Hence, there is a need for establishing a robust, validated metrological framework for operando metrology, that can be transferred to battery developers and demonstrated through industrial case studies.


  1. To develop traceable chemical, physical and structural analysis methods for ex-situ characterisation of high-capacity energy storage materials (e.g Li-ion and Li-S) and components (e.g. Cobalt, Nicklel, Manganese) with a focus on x-ray spectroscopic techniques. This includes the fabrication and qualification of at least 3 calibration samples and verification by interlaboratory studies (post mortem). A relative uncertainty in elemental composition of below 10% will be targeted.

  1. To establish a Good Practice Guide for current and emerging in operando spectroscopy methods including X-ray and vibrational spectroscopy, validated by ex-situ analysis and round robin tests, in order to establish and, where possible improve, experimental repeatability and accuracy with respect to elemental and species analysis of battery materialsies.

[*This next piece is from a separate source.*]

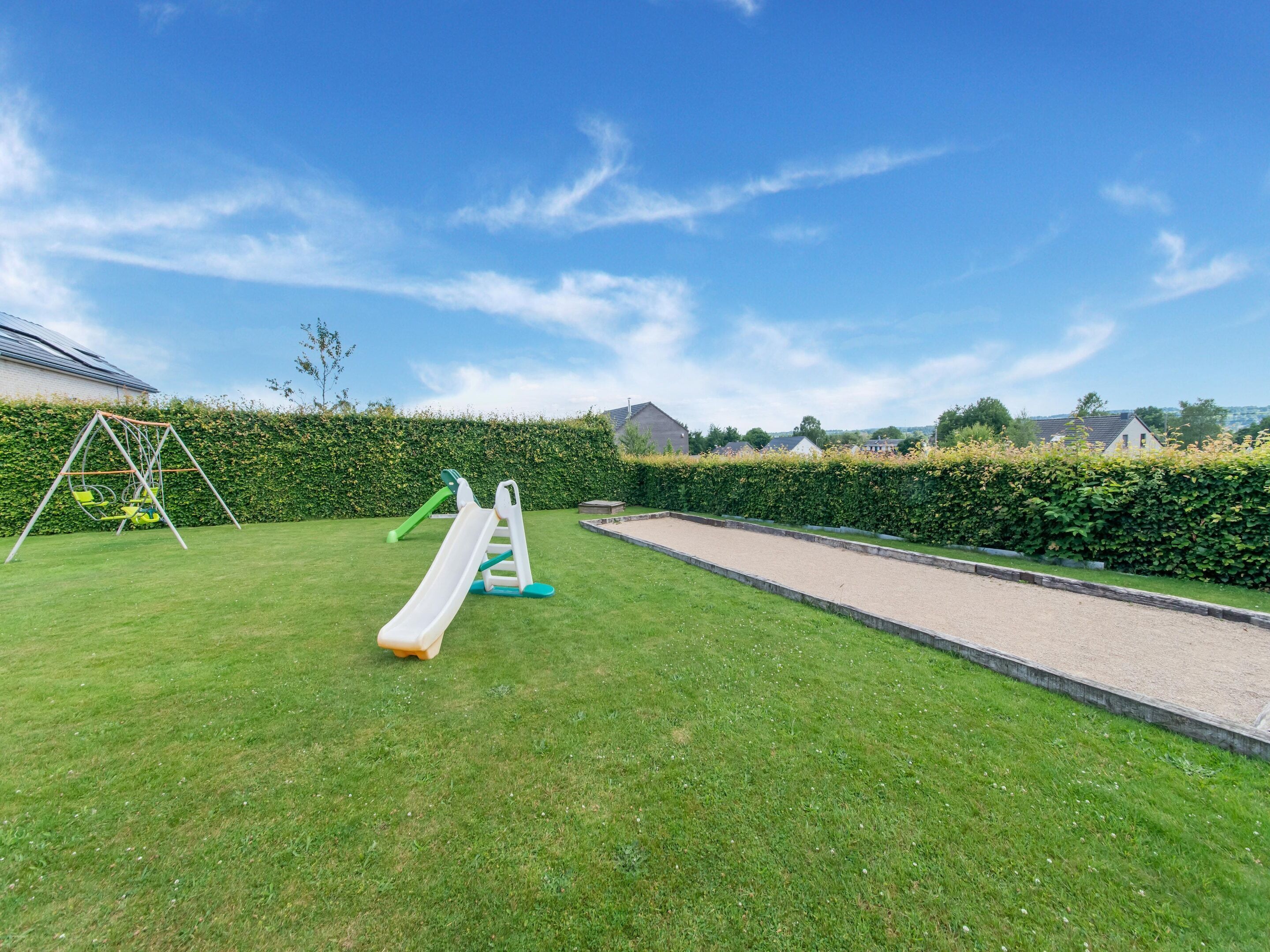 A grassy outdoor area with a swing set, a slide, and a croquet court.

In addition, to develop measurement protocols to assess the influence of cell geometry, electrode configuration, and measurement parameters on observable phenomena, as well as to assess the extent and influence of vacuum ultra-violet (VUV) or X-ray radiation damage.

  1. To develop novel dynamic electrochemical approaches combined with in operando spectroscopy and dimensional metrology for the correlative assessment of the relationships between material structure and cell performances.

  1. Based on the results of Objectives 1-3, to develop novel in operando instrumentation and hybrid methodologies for multi-parameter spectro-electrochemical characterisation of materials and components for high-capacity energy storage (e.g. in Li-ion and Li-S battery systems). To investigate the causal relationship between electronic/molecular- and microstructure information and charge carrier dynamics as measured with electroanalytical methods, to gain information on the state of health and state of charge.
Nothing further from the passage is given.